Exercise aim >> Retype the entries word for word, leaving nothing out.

Provided data >>
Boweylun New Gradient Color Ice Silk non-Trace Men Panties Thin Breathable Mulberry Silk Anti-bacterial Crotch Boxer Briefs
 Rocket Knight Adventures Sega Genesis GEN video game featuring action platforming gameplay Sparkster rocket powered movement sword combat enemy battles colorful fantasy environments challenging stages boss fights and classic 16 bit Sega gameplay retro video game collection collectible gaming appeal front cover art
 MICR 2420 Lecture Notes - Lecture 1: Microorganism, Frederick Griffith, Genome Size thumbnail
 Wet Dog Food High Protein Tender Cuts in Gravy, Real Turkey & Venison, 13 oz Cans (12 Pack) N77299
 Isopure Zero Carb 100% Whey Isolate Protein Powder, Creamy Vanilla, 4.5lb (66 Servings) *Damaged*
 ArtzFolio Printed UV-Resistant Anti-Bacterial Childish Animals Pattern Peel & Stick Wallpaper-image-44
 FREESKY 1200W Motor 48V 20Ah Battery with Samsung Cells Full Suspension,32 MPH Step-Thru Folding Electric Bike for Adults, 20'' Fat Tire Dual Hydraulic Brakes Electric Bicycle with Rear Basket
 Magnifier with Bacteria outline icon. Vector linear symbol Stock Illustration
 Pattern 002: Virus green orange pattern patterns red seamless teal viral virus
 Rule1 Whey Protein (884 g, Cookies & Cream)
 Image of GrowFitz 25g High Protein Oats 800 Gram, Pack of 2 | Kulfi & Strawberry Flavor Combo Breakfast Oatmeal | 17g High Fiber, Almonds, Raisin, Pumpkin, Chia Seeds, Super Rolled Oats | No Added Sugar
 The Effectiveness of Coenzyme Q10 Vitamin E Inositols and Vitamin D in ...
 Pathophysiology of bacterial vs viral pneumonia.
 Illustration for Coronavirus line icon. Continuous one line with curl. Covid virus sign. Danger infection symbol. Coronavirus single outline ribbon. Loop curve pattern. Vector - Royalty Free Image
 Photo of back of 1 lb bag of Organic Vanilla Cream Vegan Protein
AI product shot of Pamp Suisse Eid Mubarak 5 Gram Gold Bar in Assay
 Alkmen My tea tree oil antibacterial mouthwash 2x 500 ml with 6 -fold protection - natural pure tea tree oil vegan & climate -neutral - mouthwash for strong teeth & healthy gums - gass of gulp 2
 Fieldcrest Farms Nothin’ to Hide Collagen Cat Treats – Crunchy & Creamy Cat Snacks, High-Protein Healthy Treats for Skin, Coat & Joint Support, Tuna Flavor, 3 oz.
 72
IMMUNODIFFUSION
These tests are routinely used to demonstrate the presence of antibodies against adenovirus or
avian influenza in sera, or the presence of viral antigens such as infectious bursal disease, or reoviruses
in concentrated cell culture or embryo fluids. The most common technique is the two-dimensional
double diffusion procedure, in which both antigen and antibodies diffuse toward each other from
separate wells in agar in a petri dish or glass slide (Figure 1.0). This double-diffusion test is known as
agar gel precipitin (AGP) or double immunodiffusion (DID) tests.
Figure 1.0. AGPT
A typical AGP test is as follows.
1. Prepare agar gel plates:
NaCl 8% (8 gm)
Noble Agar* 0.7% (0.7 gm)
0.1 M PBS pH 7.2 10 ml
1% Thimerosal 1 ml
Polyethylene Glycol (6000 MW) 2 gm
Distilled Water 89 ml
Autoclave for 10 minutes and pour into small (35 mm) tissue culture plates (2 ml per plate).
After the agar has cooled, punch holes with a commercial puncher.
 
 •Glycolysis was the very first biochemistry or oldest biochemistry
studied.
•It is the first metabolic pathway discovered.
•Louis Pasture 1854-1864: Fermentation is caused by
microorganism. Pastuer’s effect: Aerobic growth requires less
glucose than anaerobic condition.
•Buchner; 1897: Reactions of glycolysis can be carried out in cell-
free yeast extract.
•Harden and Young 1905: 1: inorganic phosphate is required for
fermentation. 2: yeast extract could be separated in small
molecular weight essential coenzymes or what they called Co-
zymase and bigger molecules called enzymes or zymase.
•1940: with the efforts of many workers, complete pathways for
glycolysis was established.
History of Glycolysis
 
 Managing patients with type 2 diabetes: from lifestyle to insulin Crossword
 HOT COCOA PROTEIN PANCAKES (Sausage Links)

Completed exercise >>
Boweylun New Gradient Color Ice Silk non-Trace Men Panties Thin Breathable Mulberry Silk Anti-bacterial Crotch Boxer Briefs
 Rocket Knight Adventures Sega Genesis GEN video game featuring action platforming gameplay Sparkster rocket powered movement sword combat enemy battles colorful fantasy environments challenging stages boss fights and classic 16 bit Sega gameplay retro video game collection collectible gaming appeal front cover art
 MICR 2420 Lecture Notes - Lecture 1: Microorganism, Frederick Griffith, Genome Size thumbnail
 Wet Dog Food High Protein Tender Cuts in Gravy, Real Turkey & Venison, 13 oz Cans (12 Pack) N77299
 Isopure Zero Carb 100% Whey Isolate Protein Powder, Creamy Vanilla, 4.5lb (66 Servings) *Damaged*
 ArtzFolio Printed UV-Resistant Anti-Bacterial Childish Animals Pattern Peel & Stick Wallpaper-image-44
 FREESKY 1200W Motor 48V 20Ah Battery with Samsung Cells Full Suspension,32 MPH Step-Thru Folding Electric Bike for Adults, 20'' Fat Tire Dual Hydraulic Brakes Electric Bicycle with Rear Basket
 Magnifier with Bacteria outline icon. Vector linear symbol Stock Illustration
 Pattern 002: Virus green orange pattern patterns red seamless teal viral virus
 Rule1 Whey Protein (884 g, Cookies & Cream)
 Image of GrowFitz 25g High Protein Oats 800 Gram, Pack of 2 | Kulfi & Strawberry Flavor Combo Breakfast Oatmeal | 17g High Fiber, Almonds, Raisin, Pumpkin, Chia Seeds, Super Rolled Oats | No Added Sugar
 The Effectiveness of Coenzyme Q10 Vitamin E Inositols and Vitamin D in ...
 Pathophysiology of bacterial vs viral pneumonia.
 Illustration for Coronavirus line icon. Continuous one line with curl. Covid virus sign. Danger infection symbol. Coronavirus single outline ribbon. Loop curve pattern. Vector - Royalty Free Image
 Photo of back of 1 lb bag of Organic Vanilla Cream Vegan Protein
AI product shot of Pamp Suisse Eid Mubarak 5 Gram Gold Bar in Assay
 Alkmen My tea tree oil antibacterial mouthwash 2x 500 ml with 6 -fold protection - natural pure tea tree oil vegan & climate -neutral - mouthwash for strong teeth & healthy gums - gass of gulp 2
 Fieldcrest Farms Nothin’ to Hide Collagen Cat Treats – Crunchy & Creamy Cat Snacks, High-Protein Healthy Treats for Skin, Coat & Joint Support, Tuna Flavor, 3 oz.
 72
IMMUNODIFFUSION
These tests are routinely used to demonstrate the presence of antibodies against adenovirus or
avian influenza in sera, or the presence of viral antigens such as infectious bursal disease, or reoviruses
in concentrated cell culture or embryo fluids. The most common technique is the two-dimensional
double diffusion procedure, in which both antigen and antibodies diffuse toward each other from
separate wells in agar in a petri dish or glass slide (Figure 1.0). This double-diffusion test is known as
agar gel precipitin (AGP) or double immunodiffusion (DID) tests.
Figure 1.0. AGPT
A typical AGP test is as follows.
1. Prepare agar gel plates:
NaCl 8% (8 gm)
Noble Agar* 0.7% (0.7 gm)
0.1 M PBS pH 7.2 10 ml
1% Thimerosal 1 ml
Polyethylene Glycol (6000 MW) 2 gm
Distilled Water 89 ml
Autoclave for 10 minutes and pour into small (35 mm) tissue culture plates (2 ml per plate).
After the agar has cooled, punch holes with a commercial puncher.
 
 •Glycolysis was the very first biochemistry or oldest biochemistry
studied.
•It is the first metabolic pathway discovered.
•Louis Pasture 1854-1864: Fermentation is caused by
microorganism. Pastuer’s effect: Aerobic growth requires less
glucose than anaerobic condition.
•Buchner; 1897: Reactions of glycolysis can be carried out in cell-
free yeast extract.
•Harden and Young 1905: 1: inorganic phosphate is required for
fermentation. 2: yeast extract could be separated in small
molecular weight essential coenzymes or what they called Co-
zymase and bigger molecules called enzymes or zymase.
•1940: with the efforts of many workers, complete pathways for
glycolysis was established.
History of Glycolysis
 
 Managing patients with type 2 diabetes: from lifestyle to insulin Crossword
 HOT COCOA PROTEIN PANCAKES (Sausage Links)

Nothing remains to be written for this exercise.